Despite its strong growth in 2016, India’s economy stumbled in the first quarter of 2017, which many economists blamed on the government’s ‘demonetisation’ move last year which led to months of acute cash shortages as the government replaced 500 and 1,000 rupee banknotes, in a move to encourage untaxed wealth to move into the system: in India, just 1% of the population pay income tax. Nevertheless, the country is expected to rebound quickly, with low inflation and large amounts of foreign investment. With a young English-speaking workforce and a burgeoning middle class, India has the potential to become one of the world’s most important economic engines.


Venezuela in 2017 is a country in deep crisis. The South American nation possesses the world’s largest proven reserves of oil (estimated at 297 billion barrels in 2014). However, an over-dependence on oil revenues, economic mismanagement and lavish public spending has met with a collapse in oil prices to send Venezuela’s economy spiralling into ruin. According to the IMF, the economy shrunk by 8 percent in 2016, with unemployment at 17 percent and rising and inflation hitting an incredible 481 percent.

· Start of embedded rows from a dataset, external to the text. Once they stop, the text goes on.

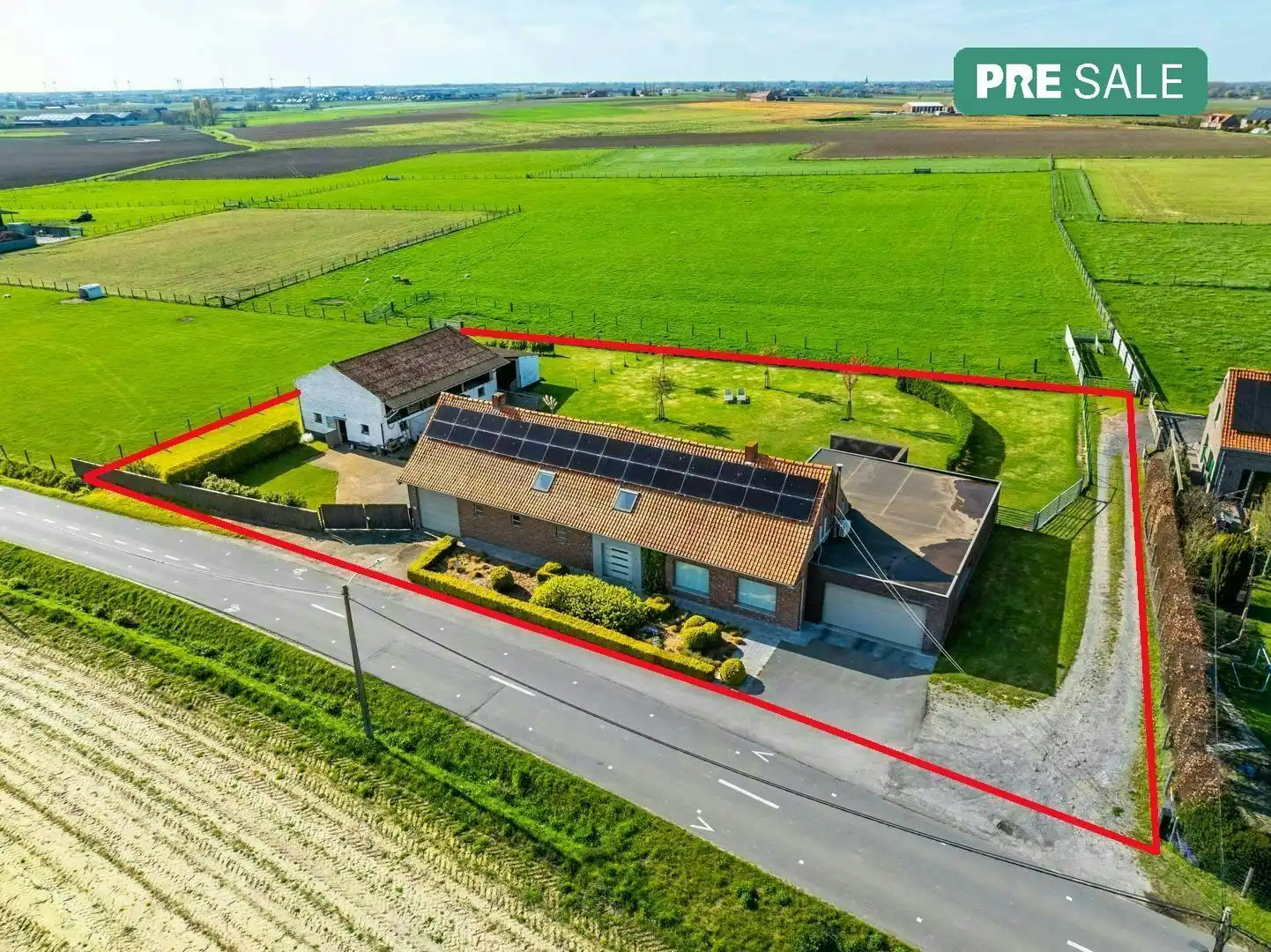 Landelijke woning met bijgebouw op 3.000m² te Passendale foto {{pictureIndex}}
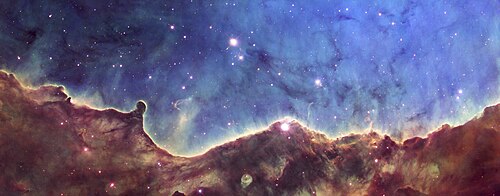 تفاصيل من تلسكوب هابل الفضائي للقسم الغربي من المجرة NGC 3324 (الشمال إلى اليمين)
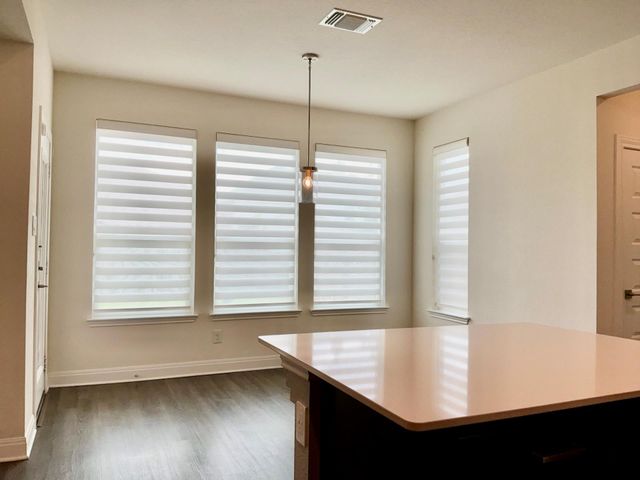 1008 Brenham LN, Leander, TX 78641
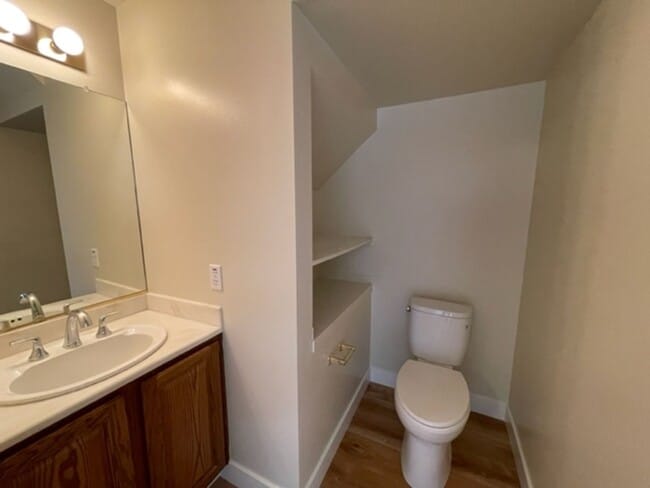 Building Photo - Nicely updated 3 bedroom, 2 bath 2 story t...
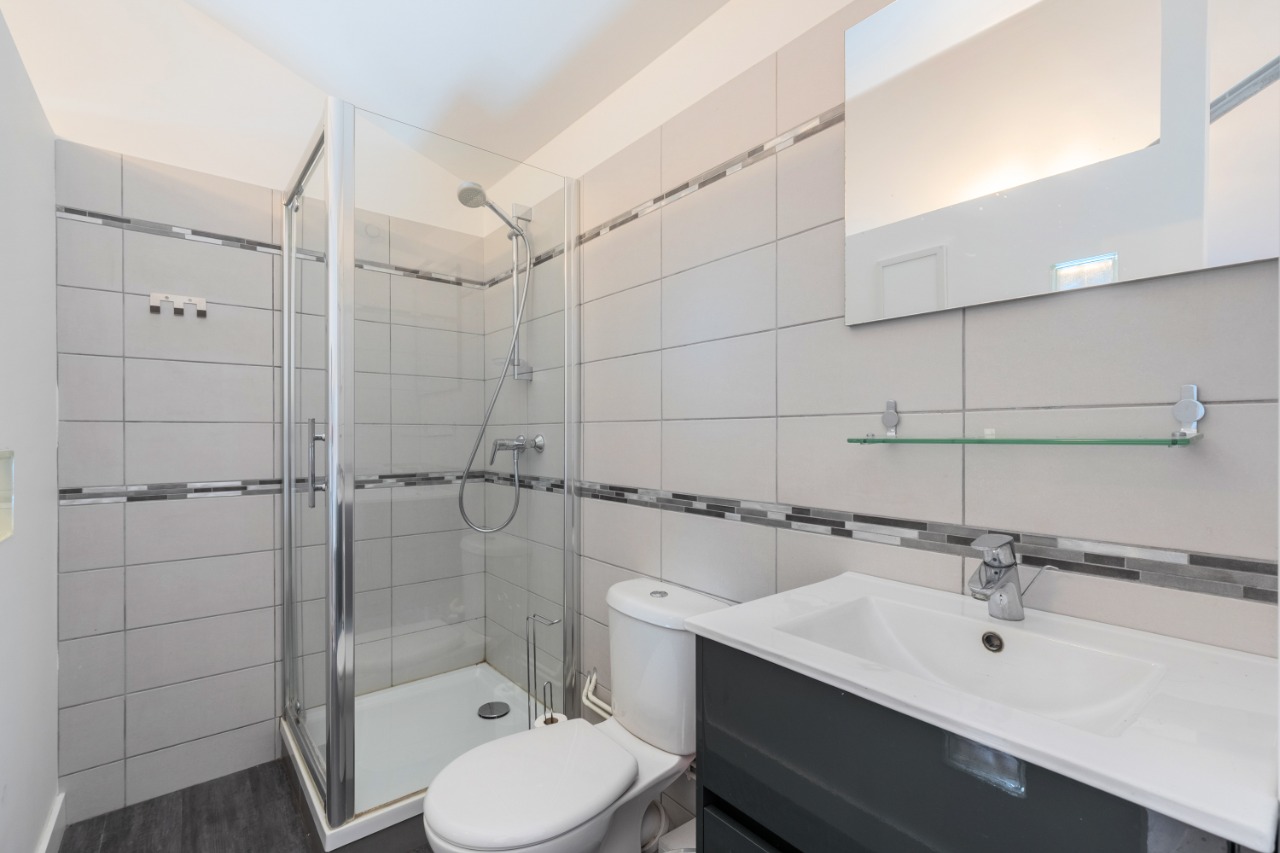LOFT Triplex - 4 Chambres 1 bureau  - une loggia de 28m²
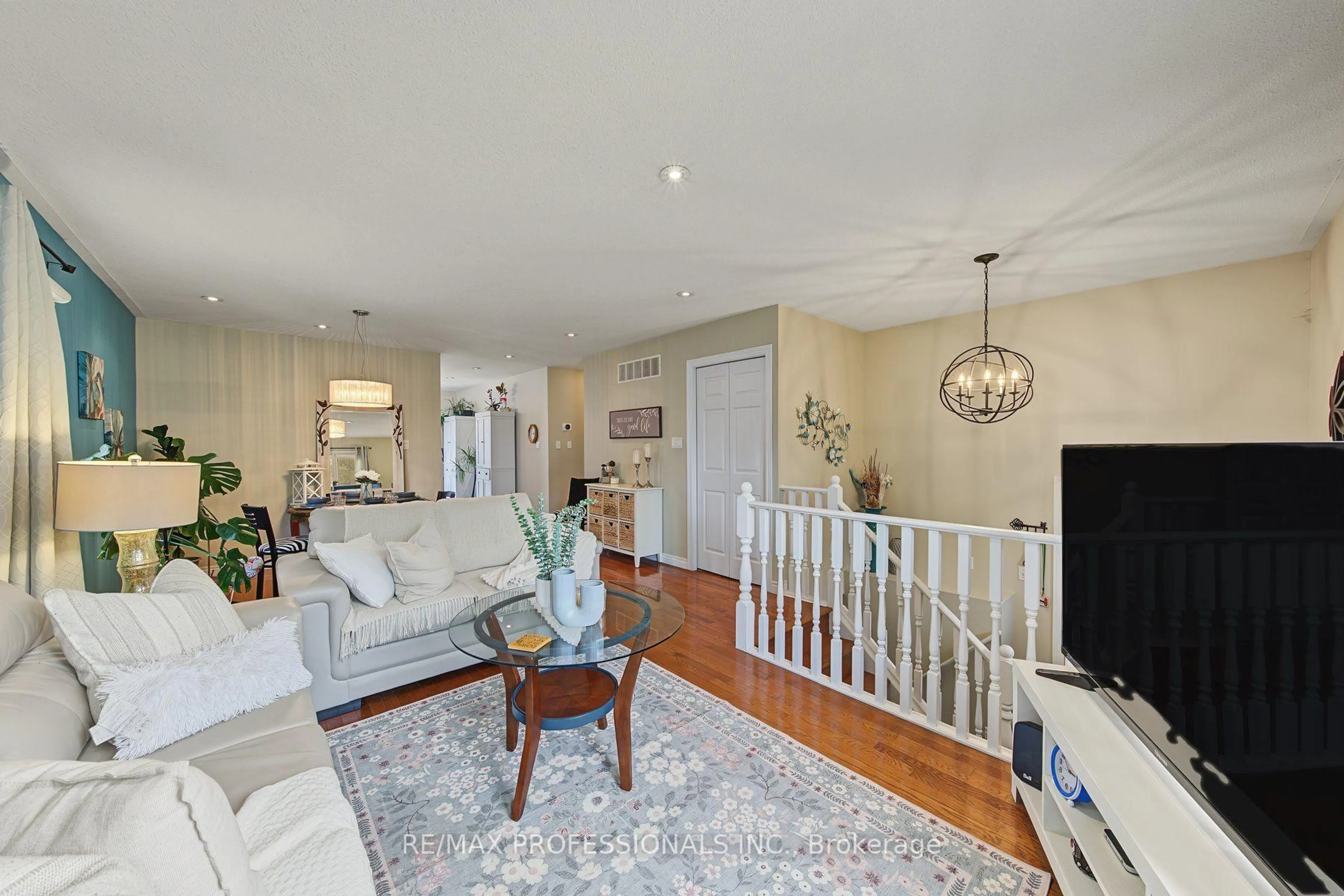 Living room with furniture, unknown for 3 Oliver Crt, Brantford Ontario N3T 6N6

The massive drop in oil prices which started in 2014 had a ruinous effect on Venezuela’s economy. Petroleum accounts for 89% of Venezuela’s exports. From $99.21 a barrel in June 2014, oil prices hit a nadir of $23.95 in February 2016. This has bled away Venezuela’s foreign currency reserves and caused a massive accumulation of debt. This over-reliance on commodities, particularly on a single one like in Venezuela’s case, leaves nations dangerously vulnerable to market fluctuations. In fact, this phenomenon of resource-rich countries experiencing economic and political instability and low development is known as the ‘resource curse’.

The country hasn’t always suffered from large scale economic problems. From the 1950s to the 80s, Venezuela experienced steady growth and had the highest standards of living in the continent. The economy ran into trouble in the 80s and 90s, and by 1999 almost half of the country’s population was below the poverty line. The socialist government of Hugo Chavez, which assumed power in 1999 in response to this hardship, subsequently created many of the conditions for today’s crisis.

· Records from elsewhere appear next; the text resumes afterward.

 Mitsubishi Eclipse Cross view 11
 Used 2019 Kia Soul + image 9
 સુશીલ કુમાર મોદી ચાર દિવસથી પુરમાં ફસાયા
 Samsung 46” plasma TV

Heavy government intervention in the economy led to a collapse in many domestic industries, including food production, leading the state to import more goods from overseas with petro-dollars, reliant upon the high oil prices of the early 21st century. Chavez’s socialist government also invested heavily in subsidies for poorer Venezuelans, providing a better life for millions. However, with the collapse in oil prices, along with a decline in overall production, the government has now found itself in a deep budget deficit.

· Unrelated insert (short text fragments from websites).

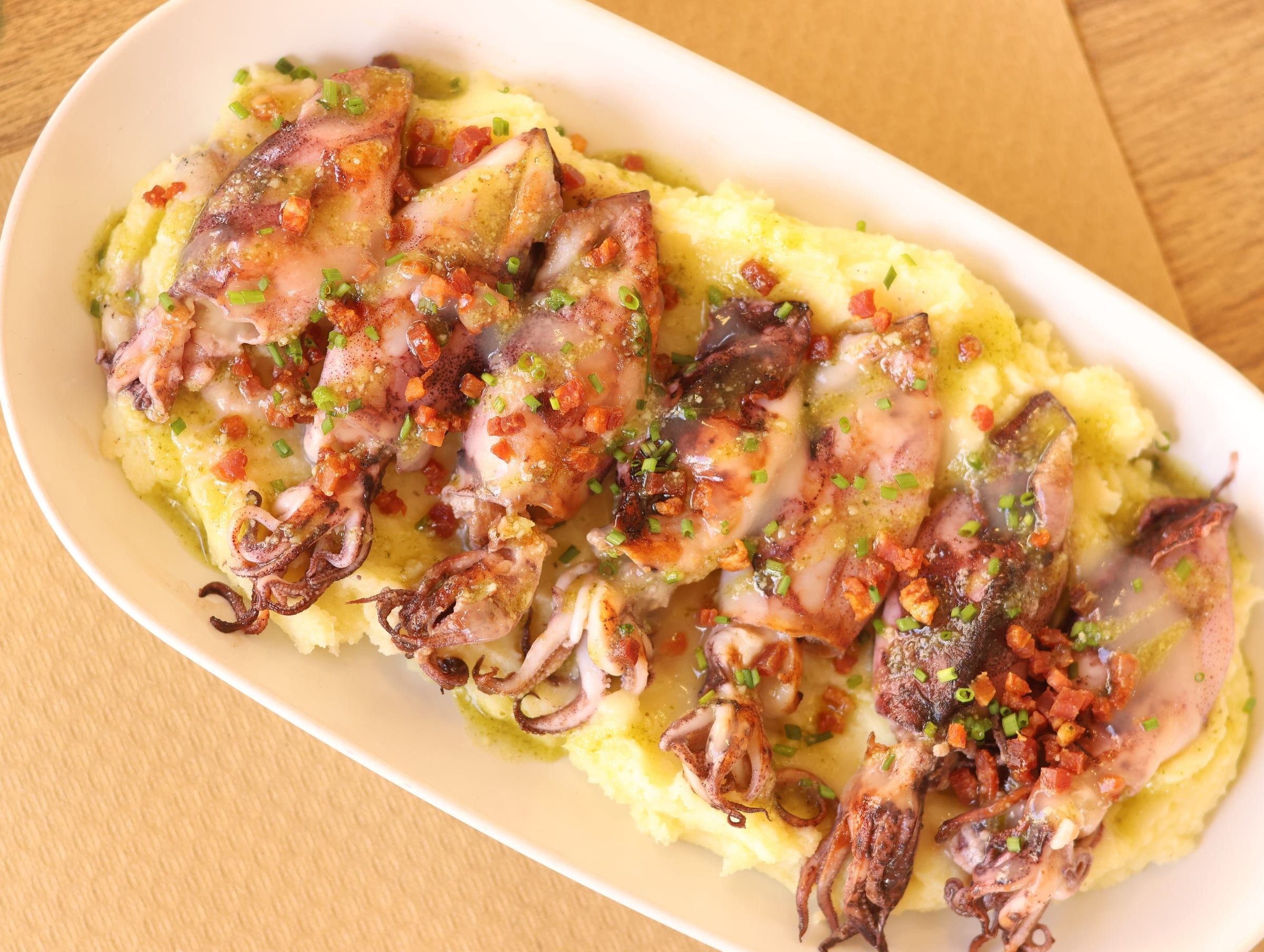 Chipirones, lácteo de jamón y parmentier de patata — La Quisquillosa Playa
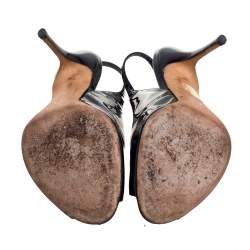 Pre Owned صندل غوتشي جلد أسود لامع مفتوح مقاس 39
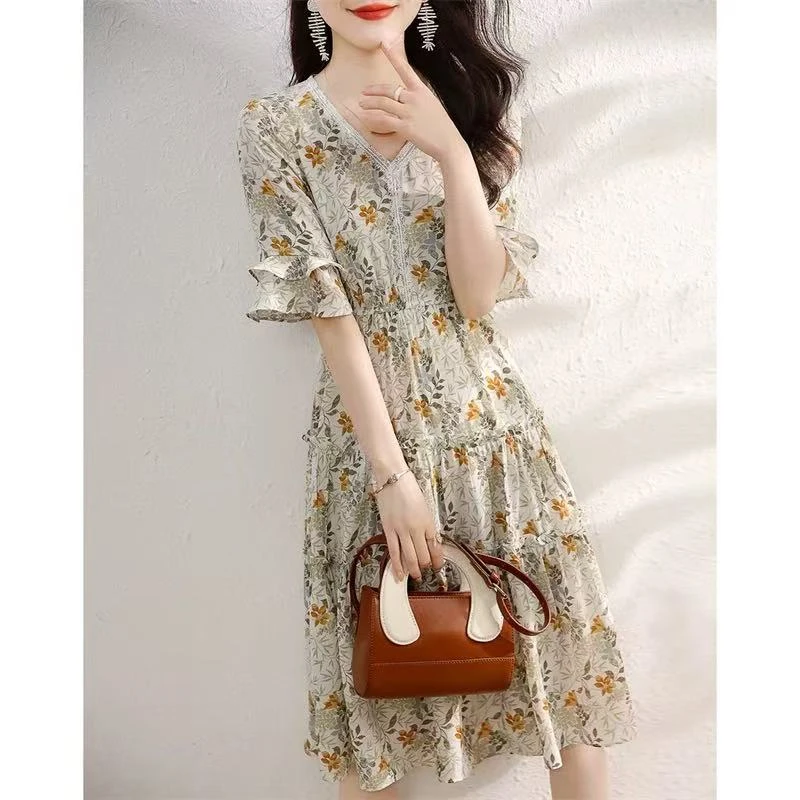 0048 法式V领碎花连衣裙2025女新款夏季气质收腰透气长裙短袖
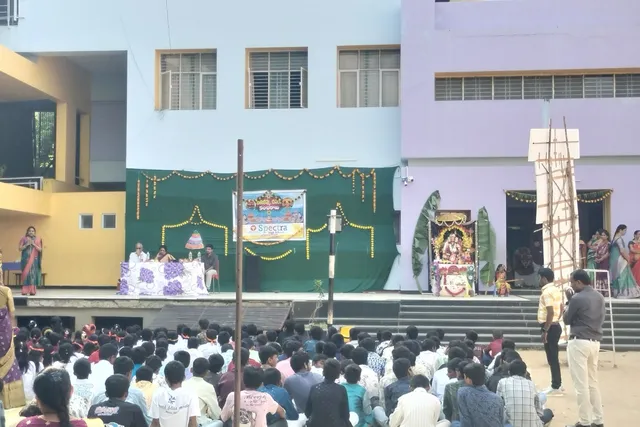 దుర్గామాత సన్నిధిలో ఘనంగా ప్రీ బతుకమ్మ – దసరా వేడుకలు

Unable to pay for essential imports like food and basic medicines, Venezuela is now experiencing severe shortages. Skyrocketing inflation has meant families are scarcely able to afford to eat. With a poverty rate approaching 80%, the country is now witness to regular street demonstrations and has one of the highest crime and murder rates in the world, with the capital Caracas ranked as the world’s most violent city in 2016. According to the IMF, the economy contracted in 2016 by as much as 10%, and there is no end in sight to the crisis.

Find out more


If you want to understand more about India’s rising economy or Venezuela’s crisis, and the economic and political processes which underpin them, here are some questions to consider:

  1. What challenges does India face in becoming the world’s third largest economy by 2030?
  2. Why did the government decide to replace 500 and 1000 rupee bank-notes in 2016?
  3. What are India’s economic advantages compared to neighbouring countries?
  4. Why did India’s economic model from 1947-1990 fail to deliver substantial growth?
  5. How did British rule affect India’s economy prior to independence?
  6. What steps can authorities in Venezuela take to stabilise the economy?
  7. How are other oil-rich economies attempting to diversify?
  8. Why did the oil price plunge in 2014?
  9. Why do many resource-rich countries experience poor economic development?